Wednesday, February 3, 2010

This Shutze house has connections Jefferson, Askins

This is a Shutze house. Do you like it? I've been cruising it for decades, always noticing but never knowing. This must be Mr. Shutze's most straightforward and least likely to become a white elephant. Many families have lived here. It's probably been enjoyed by more residents than any other of his houses.

I'm going to the
2010 Philip Trammell Shutze Awards on February 20th in Atlanta You should too. In the run up to the awards I'm doing a batch of posts about Shutze in my "neighborhood." The first was about high school bricks. No pro photography or pro architecture was committed in this post.

If I've learned anything about Mr. Shutze, it is that the foundation for his designs were the "old" designs.

This house has connections to Palladio via Thomas Jefferson in colonial Williamsburg with a tangential connection to scholarly research by Atlanta architect Norman Davenport Askins.
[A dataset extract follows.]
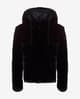 Forro polar con capucha Rehall FLUFFY-R negro mujer 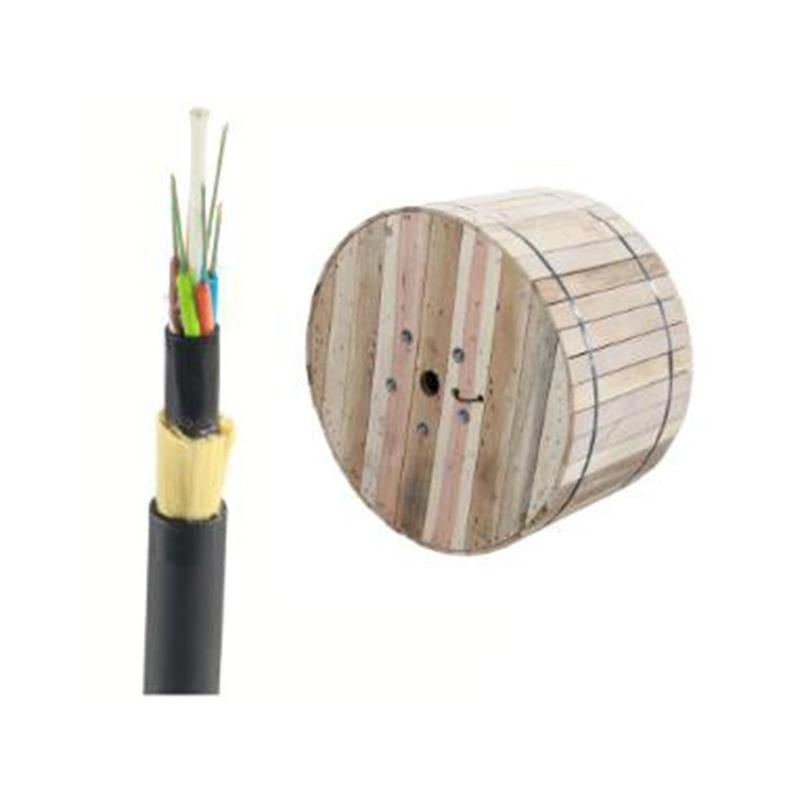 Indoor and Outdoor ADSS Double Sheath Fiber Optical Cable 24 48 96 Core FTTH Cable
Now I'm about to go a bit over head.

I learned that the model for this house is the Judge Semple house in Williamsburg. I don't know if Mr. Shutze ever saw this house, a drawing or a picture. But it's certainly an architypical American farmhouse. A city house probably couldn't spread it wings like this. Here you go:

The Semple house may have been designed by Thomas Jefferson. In architecture speak it has a tripartite form. A bit more arch speak just so you don't think it's really so simple, "pulvinated frieze, rich guiloch, modillions and dentils is unusual when used in conjunction with the Doric order tripartite pedimented houses."

Look again. Tripartite means 3 parts.

I want to know more.

Turns out that Atlanta architect Norman Askins, who had a "...four year...detailed apprenticeship with the Colonial Williamsburg Foundation," documented the Semple House is this report:
"ARCHITECTURAL REPORT SEMPLE HOUSE BLOCK 2 BUILDING 7 Colonial Lots 257 & 258 DRAFT This Architectural Report were prepared by Norman D. Askins for the Architects' Office. 1971-72"
Here is a quote:
"The champion of this new influence was Thomas Jefferson, who introduced into America the ultimate classical expression in architecture -- the temple-form building (Virginia State Capitol). It is the temple-form building, or more specifically, the tripartite pedimented house which is the subject of this paper. Loosely defined, the tripartite pedimented house is a three-part composition: a center pedimented pavilion, two stories in height, flanked by matching one-story wings, the whole very much in the Anglo-Palladian style. Although readily categorized within the Palladian sphere..."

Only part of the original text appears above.